# Paludarium + Betta = ???



## TianTian (Apr 14, 2009)

So I've seen a few pictures of Paludariums floating around the web and a few of them have fish in them! Here's an example:










Personally I think the idea is really neat(I'd love to give one a shot over the summer, actually), but what are y'all's opinions on them? :-? Would a Betta be able to live in one?


----------



## Nataku (Feb 22, 2009)

I don't see why a betta wouldn't be okay in one, so long as you made sure they had the appropriatte temperature, space and food requirements met. They should actually be quite good in them, considering compared to some fish, they don't require huge amounts of space. 
I would say, if you were going to theme one with a betta though, to leave out the waterfall, or make sure that there is enough space away from it that the betta can safely swim without being pulled into the current... or build a buffer in to disperse the waterfall's impact. A paludarium themed after the tropical lowlands of southeast Asia (the native home of bettas) would probably be really cool looking, and definitely sounds like a fun project. If you do decide to try this project, I'd love to see pictures of it.


----------



## dramaqueen (Jul 7, 2008)

The picture of it looks pretty cool.


----------



## TianTian (Apr 14, 2009)

I really want to do it... actually, did I ever tell y'all about my dream hobby with Tian-Tian's tank? I wanted to start making a line of fish-safe aquarium themes, starting with the Paludarium setup. I've always been a fan of the natural look.

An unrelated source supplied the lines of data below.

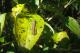 Grasshopper  Acrididae ()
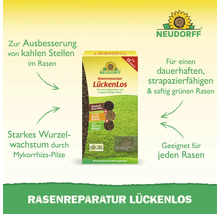 Neudorff Rasenreparatur LückenLos zur Ausbesserung kahler Stellen im Rasen mit Terra Preta Rasensamen Dünger und Mykorrhiza Pilzen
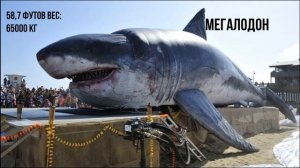 СРАВНЕНИЕ РАЗМЕРОВ ВЫМЕРШИХ ЗВЕРЕЙ!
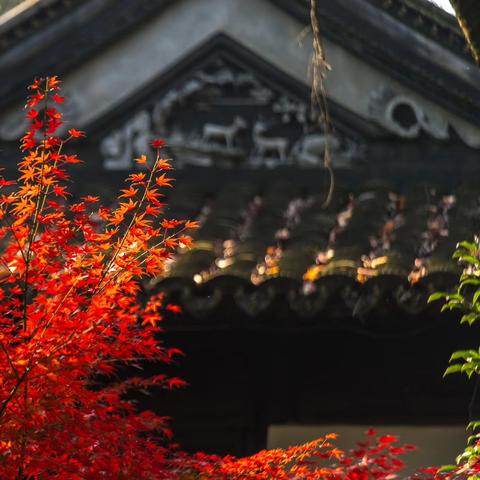 虞山公园 苏州市常熟市的长尾关键词有哪些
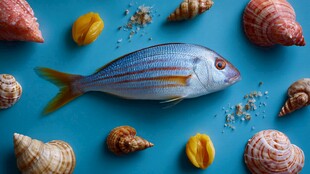 蓝底上的鲜鱼与多彩贝壳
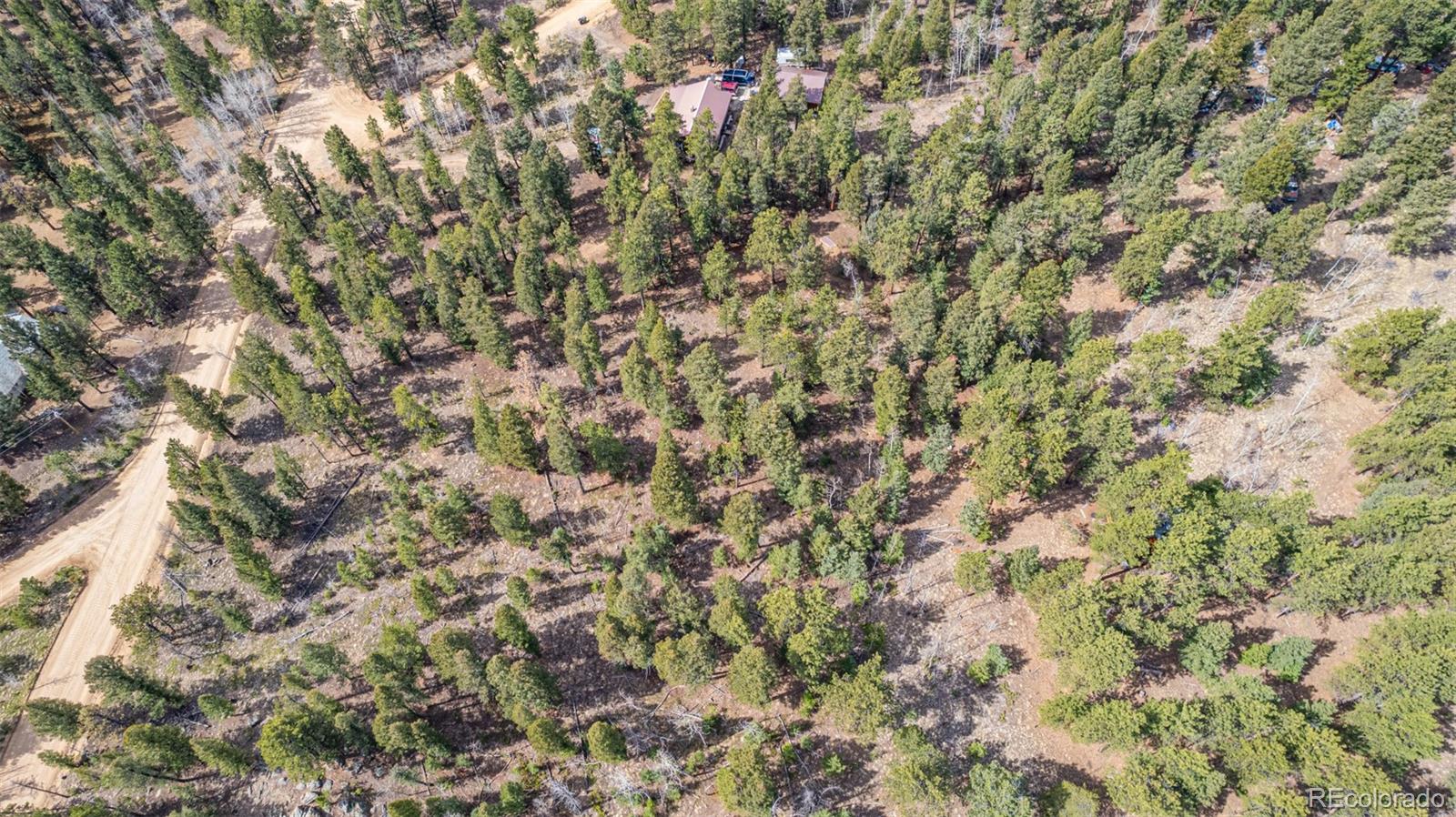 449 Forest Drive Bailey, CO 80421 - Photo 19 of 49 a view of a tree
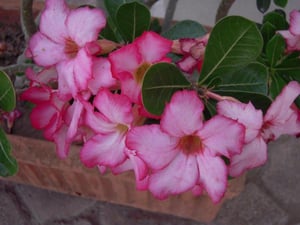 Rosa del desierto (Adenium obesum)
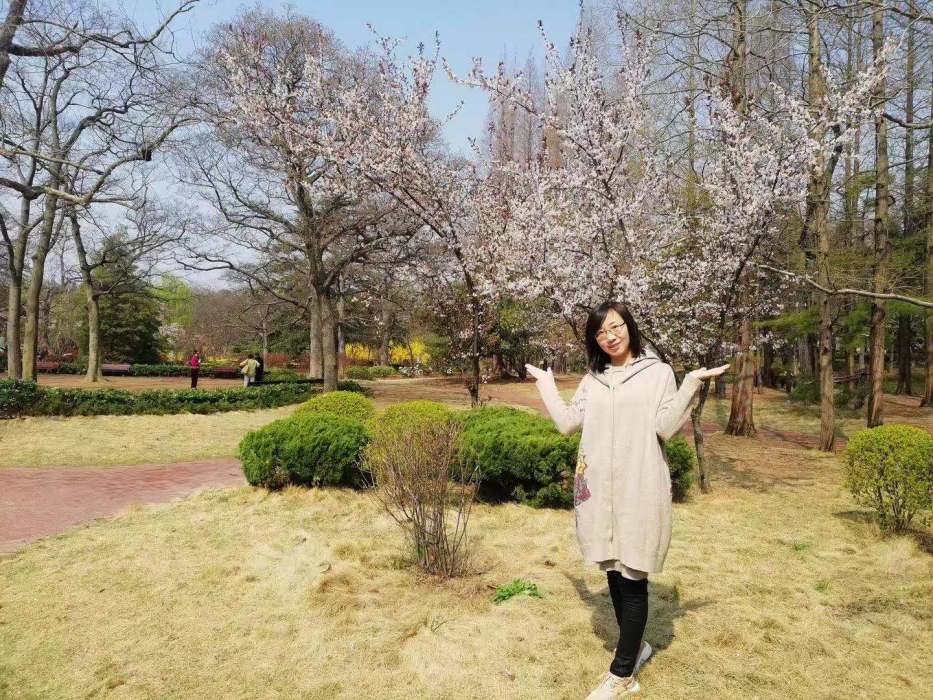 晉小婷 晉小婷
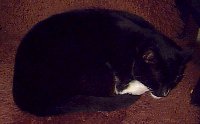 Vester - cat,kat,gato - Kats R Us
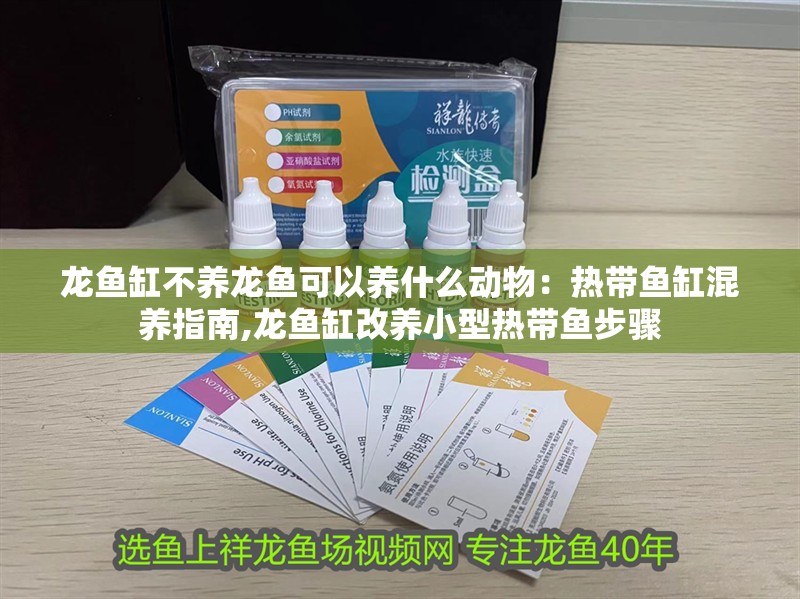 龍魚缸不養龍魚可以養什么動物：熱帶魚缸混養指南,龍魚缸改養小型熱帶魚步驟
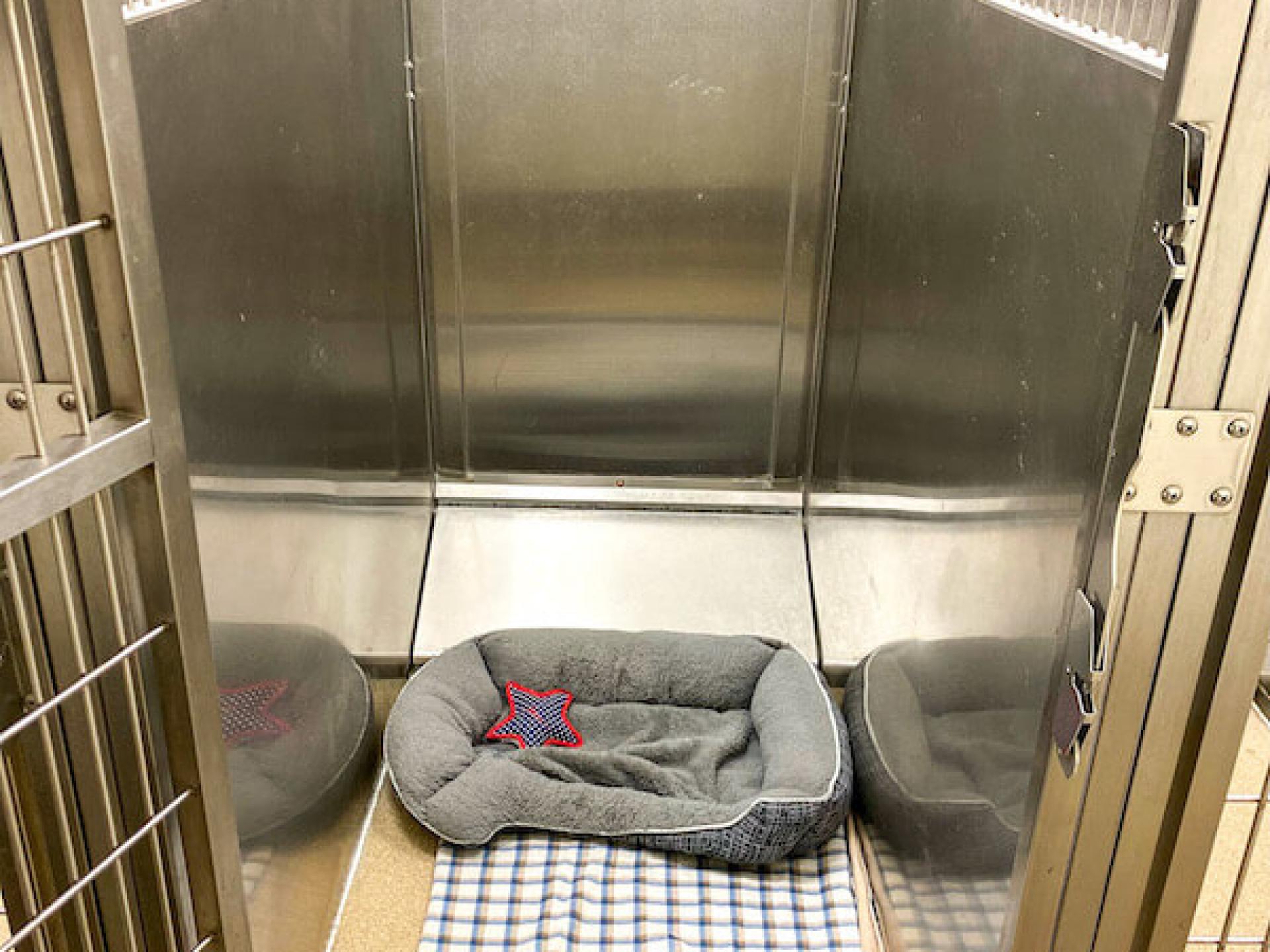 Boarding Newport Harbor Animal Hospital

Southeast Asia, Nataku? Awesome idea!  I was actually looking for an excuse to do an oriental-themed tank. Perfect combo of both!
Let's just hope Tian-Tian pulls through his recovery from his current case of ich... flippin' fish...


----------



## Cody (Dec 22, 2007)

It is fine. You need to keep the water VERY clean, and make sure than any possibly amphibians will not try to eat the betta.


----------



## TianTian (Apr 14, 2009)

Of course! I don't think I'd get any amphibians, actually. How about some nice, freshwater crab, instead? :3 Or maybe a freshwater hermit crab, built up on a bank. 

I'll have to do some extra research on exactly what I want.


----------



## dramaqueen (Jul 7, 2008)

I think doing research would be a good idea.


----------



## TianTian (Apr 14, 2009)

Too true! I have until summer to get everything sorted out. Even though that's not too far away I don't want to rush into anything headlong and wind up with an expensive mistake on my hands. 

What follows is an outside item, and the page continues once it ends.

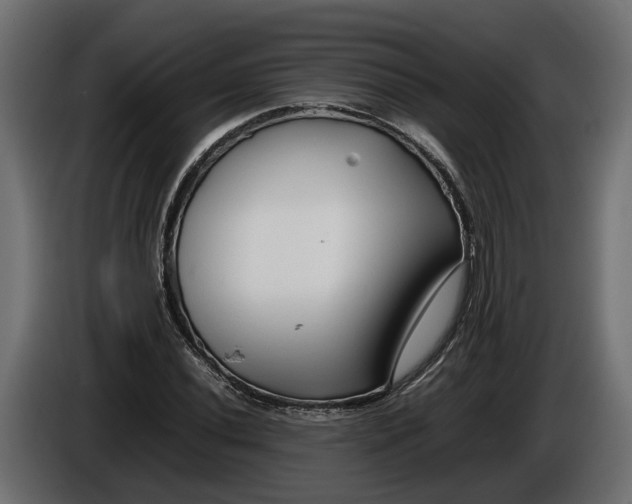 X0000086081020200704132058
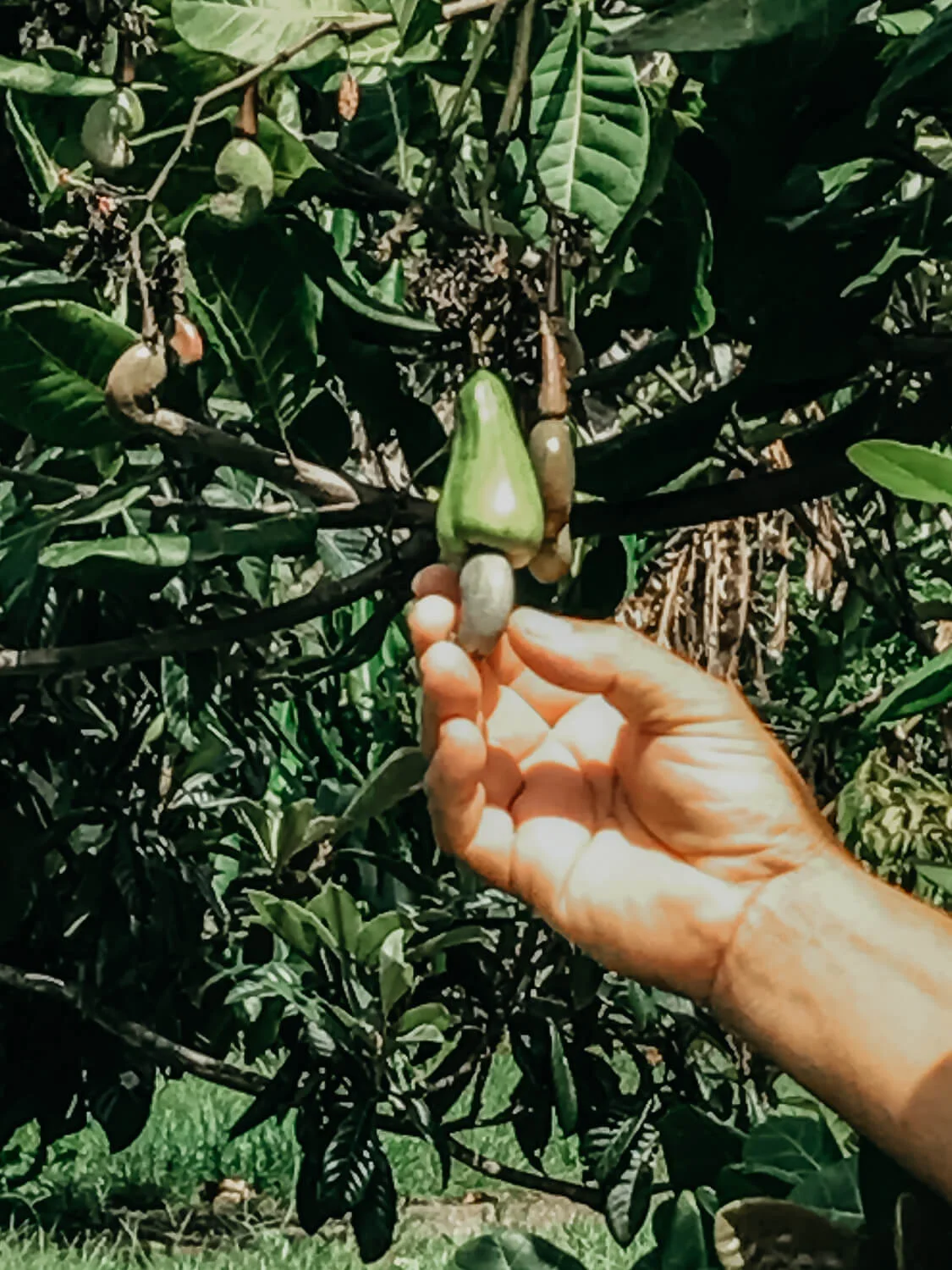 64 IMG_1990_NikkiTo.jpg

Besides, I think it just might be the perfect mini-project to spend more time with my busy father. It's either a paludarium or re-installing the koi pond out in the backyard... paludarium just might be cheaper.


----------



## dramaqueen (Jul 7, 2008)

Yeah, it definitely would be cheaper.


----------



## TianTian (Apr 14, 2009)

Yeah... though I DO miss having koi and giant goldfish out in the back (and my albino catfish, Tuna! I miss her! :-( I raised her from a fry!). 

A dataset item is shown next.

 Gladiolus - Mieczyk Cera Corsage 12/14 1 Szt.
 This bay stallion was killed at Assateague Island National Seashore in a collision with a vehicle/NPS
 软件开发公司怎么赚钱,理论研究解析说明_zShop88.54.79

We still have three giant goldfish that we kept for ourselves (they're about a foot long, each, just cruising in a temporary tank). I know my dad still wants to put the pond out back again (especially since he bought a duckling around Easter for my sister!). I've gone over a few designs with him about it... 

But back to business. Paludarium (which is really hard to spell, haha). I think the southeast Asian theme would work best. What I might do is set up a sort of platform towards the back of the tank for land, or simply slope it down towards the water. Depends.


----------



## dramaqueen (Jul 7, 2008)

I think it would be nice to have a pond for the duck.


----------



## TianTian (Apr 14, 2009)

Me too; I won't have to shower with a duck when I get back home once the semester is over if I put the pond in.


----------



## dramaqueen (Jul 7, 2008)

Every year, we have a problem with ducks using our pool as their personal pond. One of my idiot neighborsd wanted to shoot them! The pool belongs to our homeowners' association.


----------



## TianTian (Apr 14, 2009)

:shock: Oh, don't shoot the poor ducks! (Wait, doesn't the chlorine hurt them? *confused* )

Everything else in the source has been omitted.